*** TASK DATA ***

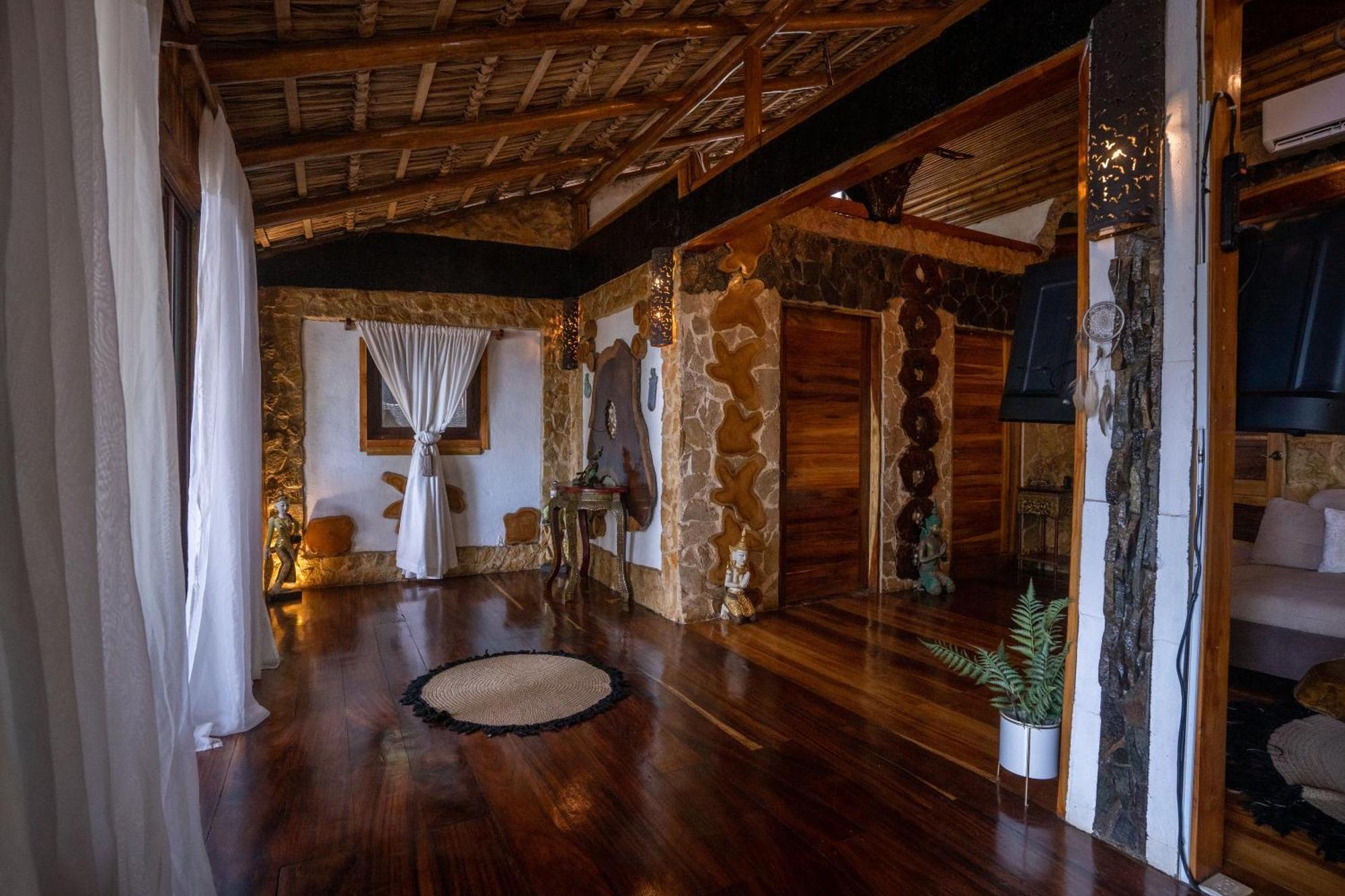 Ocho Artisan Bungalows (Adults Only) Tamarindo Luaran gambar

*** End of TASK DATA ***
*** TASK DATA ***

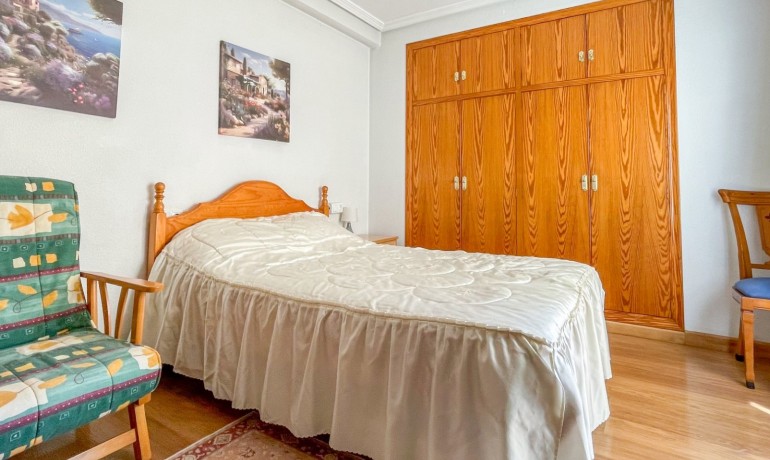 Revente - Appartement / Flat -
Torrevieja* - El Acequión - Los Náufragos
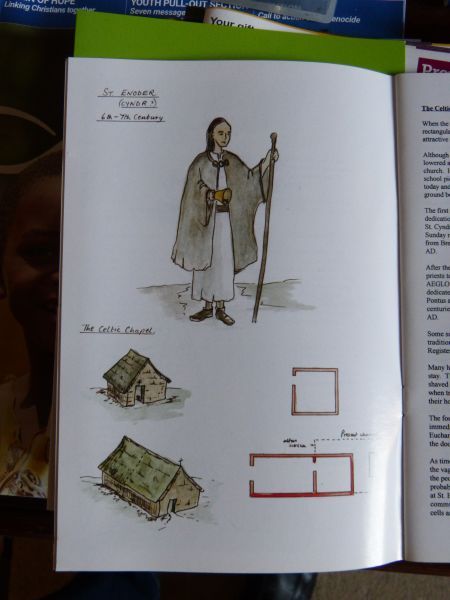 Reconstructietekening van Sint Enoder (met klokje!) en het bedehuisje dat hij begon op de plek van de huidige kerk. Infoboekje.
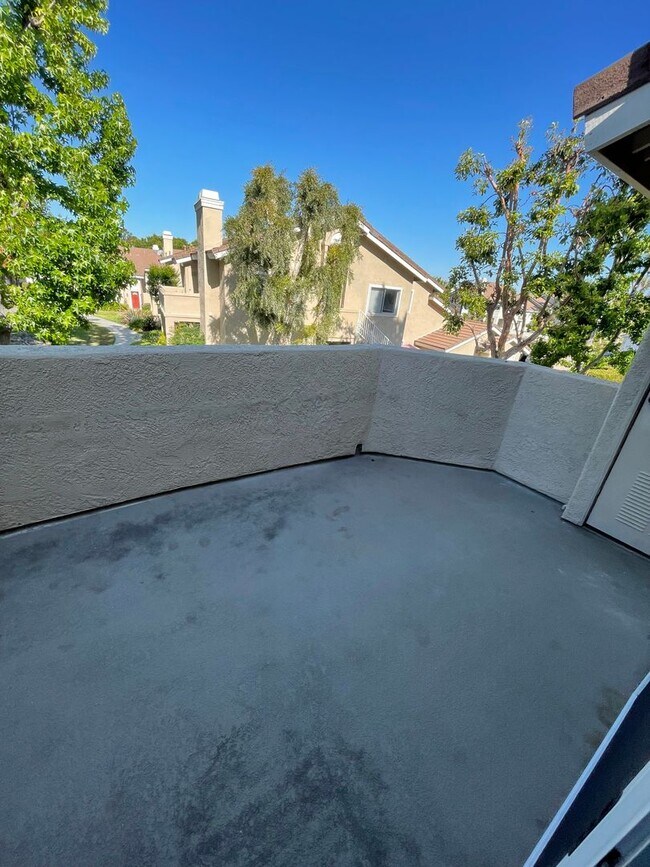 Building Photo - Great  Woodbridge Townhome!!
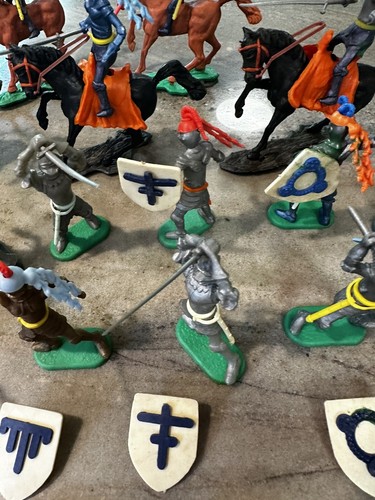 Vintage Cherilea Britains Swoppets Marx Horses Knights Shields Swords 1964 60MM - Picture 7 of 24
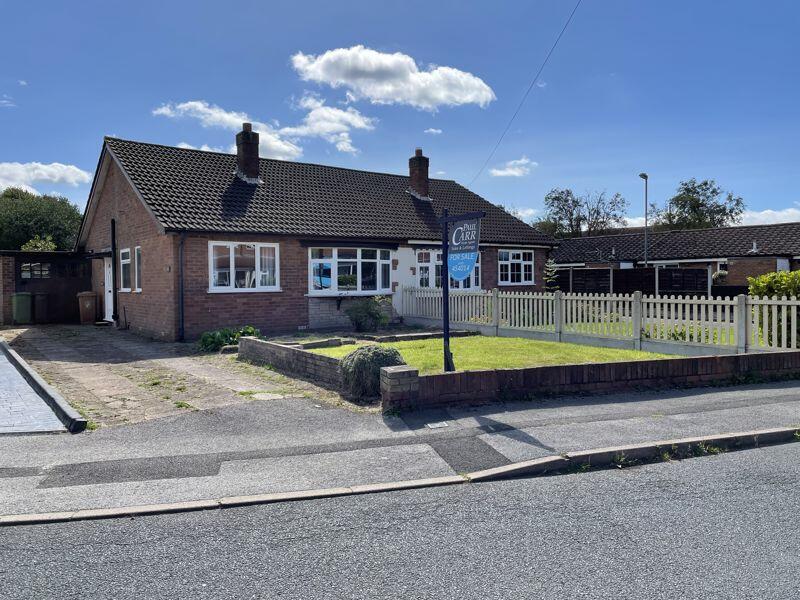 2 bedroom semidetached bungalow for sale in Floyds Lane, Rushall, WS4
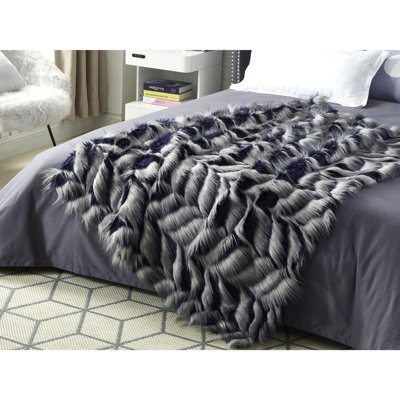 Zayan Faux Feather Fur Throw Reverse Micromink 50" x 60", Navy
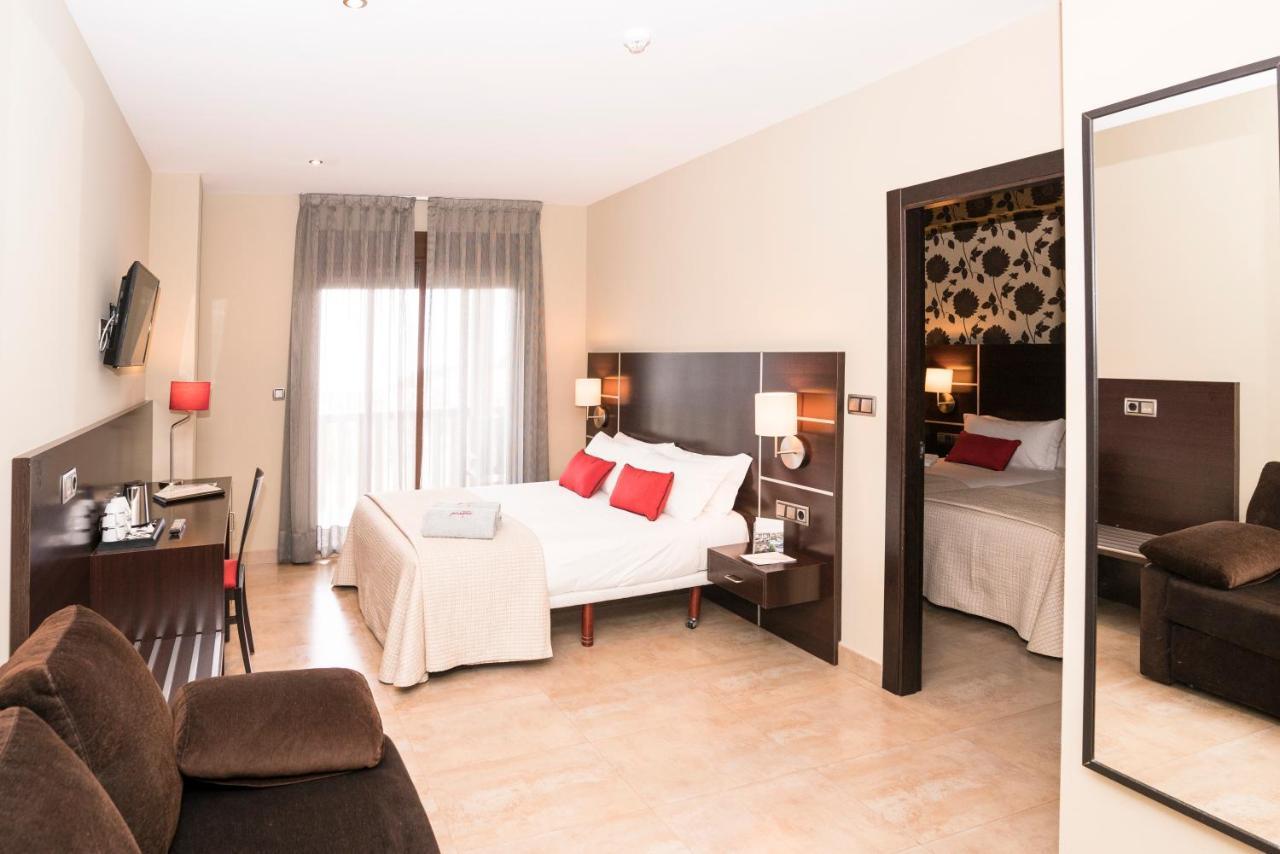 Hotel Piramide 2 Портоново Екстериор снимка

*** End of TASK DATA ***

● EXERCISE
Above are some entries; copy exactly the lines from the line with "Zayan Faux Feather" through the line with "Hotel Piramide 2 Портоново Екстериор снимка", both included, but none of the pictures.

● ANSWER BOX
 Zayan Faux Feather Fur Throw Reverse Micromink 50" x 60", Navy
 Hotel Piramide 2 Портоново Екстериор снимка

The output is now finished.